I put pseudocode over on the right so you can see what each instruction does even if you don't know 65816 assembly.  Basically the code does this:

uint8_t *ptr = &memAt6000;
...
   for (x = 0; x < 0x100; x++) {
     *ptr++ = memAtA00[x];
   }

The observant among you will wonder why we go through all this hassle when you could instead do: sta $6000, x.  (which is basically the same as ptr[x] = memAtA00[x])

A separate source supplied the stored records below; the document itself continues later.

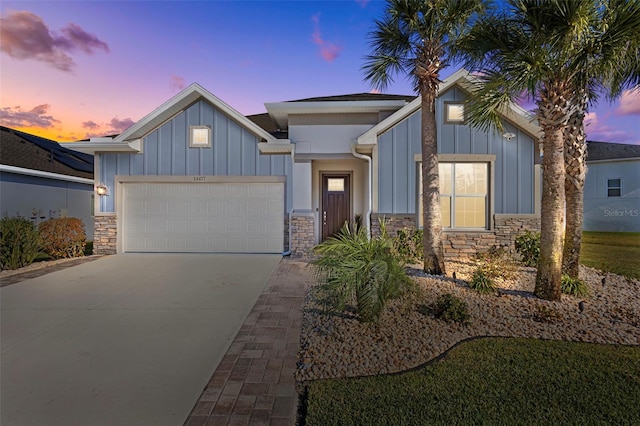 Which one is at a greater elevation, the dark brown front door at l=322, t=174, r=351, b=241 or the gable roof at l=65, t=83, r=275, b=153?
the gable roof at l=65, t=83, r=275, b=153

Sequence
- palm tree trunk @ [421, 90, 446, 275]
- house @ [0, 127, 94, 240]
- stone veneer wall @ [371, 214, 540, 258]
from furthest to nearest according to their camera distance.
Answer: house @ [0, 127, 94, 240] < stone veneer wall @ [371, 214, 540, 258] < palm tree trunk @ [421, 90, 446, 275]

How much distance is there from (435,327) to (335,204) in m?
8.14

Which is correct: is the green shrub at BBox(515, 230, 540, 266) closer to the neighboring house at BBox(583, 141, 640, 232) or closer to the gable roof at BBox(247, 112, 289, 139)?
the gable roof at BBox(247, 112, 289, 139)

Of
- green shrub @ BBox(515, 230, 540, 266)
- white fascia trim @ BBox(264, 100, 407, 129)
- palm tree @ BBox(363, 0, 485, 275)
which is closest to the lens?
palm tree @ BBox(363, 0, 485, 275)

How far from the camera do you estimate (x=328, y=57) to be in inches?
471

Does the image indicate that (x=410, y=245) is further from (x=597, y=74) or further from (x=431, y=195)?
(x=597, y=74)

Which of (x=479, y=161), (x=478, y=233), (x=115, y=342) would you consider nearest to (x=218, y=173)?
(x=115, y=342)

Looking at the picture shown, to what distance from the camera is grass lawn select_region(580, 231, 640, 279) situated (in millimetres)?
8438

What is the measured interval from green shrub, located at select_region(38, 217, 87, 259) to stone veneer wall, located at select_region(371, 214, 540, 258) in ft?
30.8

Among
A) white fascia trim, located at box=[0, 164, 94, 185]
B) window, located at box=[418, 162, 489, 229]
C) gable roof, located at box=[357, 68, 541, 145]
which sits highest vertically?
gable roof, located at box=[357, 68, 541, 145]

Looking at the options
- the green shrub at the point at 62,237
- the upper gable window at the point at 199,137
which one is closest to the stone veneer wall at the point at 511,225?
the upper gable window at the point at 199,137

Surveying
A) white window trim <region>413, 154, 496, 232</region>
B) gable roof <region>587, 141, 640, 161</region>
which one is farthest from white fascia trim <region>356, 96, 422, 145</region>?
gable roof <region>587, 141, 640, 161</region>

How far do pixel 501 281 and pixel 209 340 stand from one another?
18.3ft

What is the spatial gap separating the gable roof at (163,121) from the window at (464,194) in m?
5.68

There are several reasons.  One is the result isn't quite identical.  In the original, when the loop is finished, the pointer points to the end of the array, not the beginning. This is important in the original code because this is actually an inner loop that gets run multiple times by an outer loop, which leads us to two, because it gets run multiple times, the array grows beyond the bounds of an 8-bit index register.

Why not just use a variable elsewhere in memory to store the pointer then?  Surely this doesn't need to be self-modifying.

Well, actually it does.  It has to do with the addressing modes available, or not available as it were.

You see, the 65816 only allows indirect addressing on the direct page (known as the zero page on the 6502).  Absolute addressing doesn't offer any indirect modes.  Needless to say, the direct page gets a bit crowded, and programmers have just decided that its far more elegant to use self-modifying code to "fake" indirect absolute addressing.. which is why this technique is rampant on the Apple IIgs.

It's also less confusing in practice.  The direct page can move around, so you either keep track of it by hand (setting it to the appropriate place upon entering a routine, adding mental and real overhead) or you leave it in a single place the entire time (limiting you to less than 128 pointers for your entire program).  It becomes clear that this particular style of self-modifying code is an elegant solution to the problem.

This isn't the only use-case of self-modifying code, of course, but it is one of the most common, especially on machines with limited addressing modes.